Im Nachbarland Norwegen ist die Lage nicht besser, schrieb 2010 die NZZ unter der Überschrift „Nahost im Hohen Norden“. Etwa 1300 Juden leben dort mit inzwischen 150000 zugewanderten Muslimen. Auch hier fielen muslimische Jugendliche mit offenem Judenhass auf, so die NZZ. Fernsehsendungen aus dem Nahen Osten hätten einen üblen Einfluss.

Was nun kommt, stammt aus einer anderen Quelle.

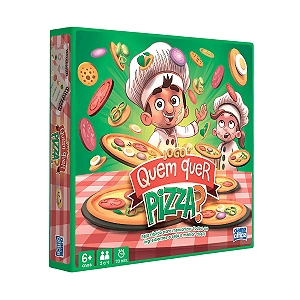 Jogo Quem Quer Pizza? Toyster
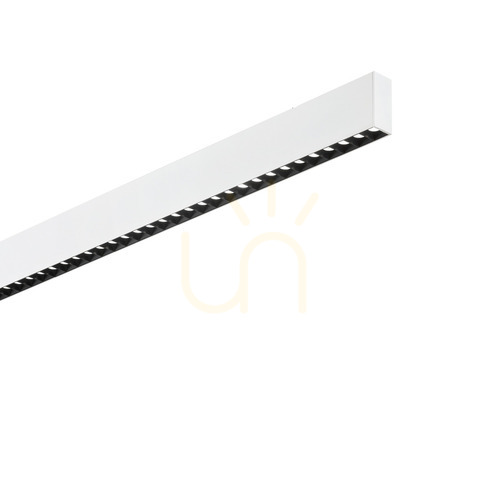Prüfen Lichtleiste Ideallux STEEL Accent 107 cm weiß LED 36W 4000K 267159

Besonders bedrückend ist es, wenn muslimische Zuwanderer Judenhass in ein Land tragen, wo es Antisemitismus früher kaum gab. Etwa nach Dänemark, wo zwischen 7000 und 8000 Juden leben. Im November 2012 hielt es Israels Botschafter Arthur Avnon für notwendig, jüdischen Kopenhagen-Touristen Vorsichtsmaßnahmen zu empfehlen: Sie sollten nicht hebräisch sprechen, jeden David-Stern-Schmuck verdecken und die Kippa lieber in der Tasche verschwinden lassen. Der dänisch-jüdische Journalist Martin Krasnik machte daraufhin im Kopenhagener Zuwanderer-Viertel Nørrebro den Test und wagte einen zweieinhalb Kilometer langen Spaziergang durch seine Heimatstadt – mit Kippa. Er entging nur knapp physischer Gewalt, berichtete er dem jüdischen New Yorker Online-Magazin Tablet. Krasnik: „Wir müssen den Tatsachen ins Gesicht sehen. Antisemitismus ist ein Importprodukt des Nahostkonfliktes nach Kopenhagen.“ Seine Schlussfolgerung: „Multikulturalismus als Ideologie funktioniert einfach nicht.“

Leon de Winter: „Die jüdische Präsenz in Europa wird enden“

Wie wird es weiter gehen mit den Juden in Europa? Leon de Winter ist ein Pessimist, was man dem Sohn orthodoxer Juden, die den Holocaust in Verstecken überlebten und dessen Verwandtschaft fast komplett in Konzentrationslagern ermordet wurde, schwerlich verdenken kann. In einem Interview sprach er 2010 folgende Warnung aus: „Was in den Niederlanden und in Europa geschieht, ist der Auftakt schrecklicher zukünftiger Ereignisse. … Die jüdische Präsenz in Europa wird enden. … In diesem Sinne waren die Nazis erfolgreich. … Anstelle ruheloser, schwieriger, kreativer, lustiger und gescheiter Juden hat Europa Muslime importiert, die gewöhnlich schlecht ausgebildet und oft frustriert, aggressiv und destruktiv sind.“

An den Europäern wird es liegen, ob de Winters düstere Prophezeiung wahr wird. Sie müssen sich überlegen, welchen Preis sie für ihr Ideal von der ganz weit offenen Einwanderungs- und Multikulti-Gesellschaft zu zahlen bereit sind. Aber sie sollten dabei an Manuel Valls denken. Denn was der Premier für die Französische Republik konstatiert, gilt genauso für Europa: Wenn die Juden gehen, dann ist Europa nicht mehr Europa. Dann muss man Europa als gescheitert betrachten.